Desgraciadamente también la Iglesia de Jesucristo ha comprendido muy poco, de lo que Jesús quiso decir con aquel niño, que colocó en medio de Sus discípulos;
o de lo que Él nos quiere decir con el Evangelio de hoy.
Todos los títulos, puestecillos de trabajo y “uniformes multicolores”- en otro lugar estarían obsoletos (aunque no en cualquier parte), por la inconsistente sentencia del 68:
“Bajo los talares – hay aire viciado de mil años”
No así en la Iglesia, donde la “escala de la carrera” parece ser más importante que la “escala de Jacob”.

El ejercicio del poder no es mejor si se echa uno por los hombros la manteleta de la santidad.
“Jerarquía” significa “dominio santo”;
pero que finalmente va al encuentro de Dios.
Y la participación humana en el señorío de Dios
cae continuamente en una fatal cercanía del dominio de los seres humanos por lo seres humanos.
y en el abuso de poder, como hemos experimentado en los últimos meses.

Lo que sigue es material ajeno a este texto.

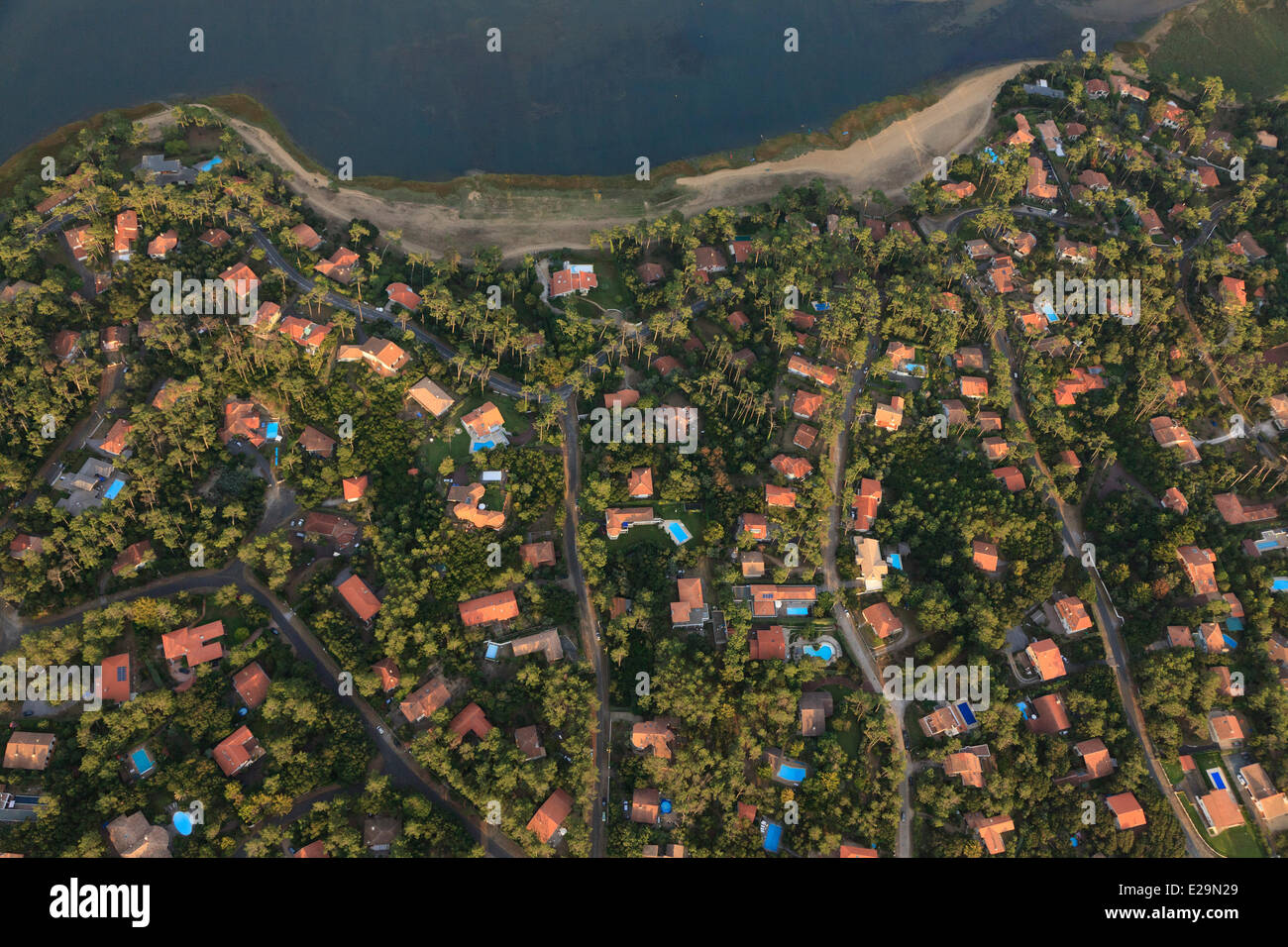 Frankreich, Landes, Hossegor, opulente Villen am See (Luftbild) Stockfoto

Jesús dijo una vez a Sus discípulos:
“Vosotros no os dejéis llamar Rabbí, porque uno solo es vuestro maestro; y vosotros sois todos hermanos. Ni llaméis a nadie Padre vuestro en la tierra, porque uno solo es vuestro Padre, el del cielo.
Ni tampoco os dejéis llamar maestros, porque uno solo es vuestro Maestro, Cristo.
El mayor entre vosotros será vuestro servidor.
Pues el que se ensalce, será humillado y el que se humille, será ensalzado.” (/Mt 23,8-12)

Cuanto mayor soy, más problemático me resulta
el que me llamen “Padre”.
Yo tengo mucha estima por los franciscanos,
que ya hace algún tiempo hicieron desaparecer
en la caja de la polilla el título “Padre”
 y dieron valor a ser llamados “hermano”.
Esto puede ser una cosa superficial,
pero naturalmente procede de la actitud interior
y de la praxis vivida, que está detrás de tales tratamientos.
Pero a mí me impresiona el signo que expresa
el cambio de una antigua costumbre.
Ciertamente como católico, sé cuan eficaces pueden ser los signos.
Celebramos en la Eucaristía, el signo sacramental de una comida fraterna;
Este signo actúa –eso espero– sobre una configuración fraternal de nuestro día.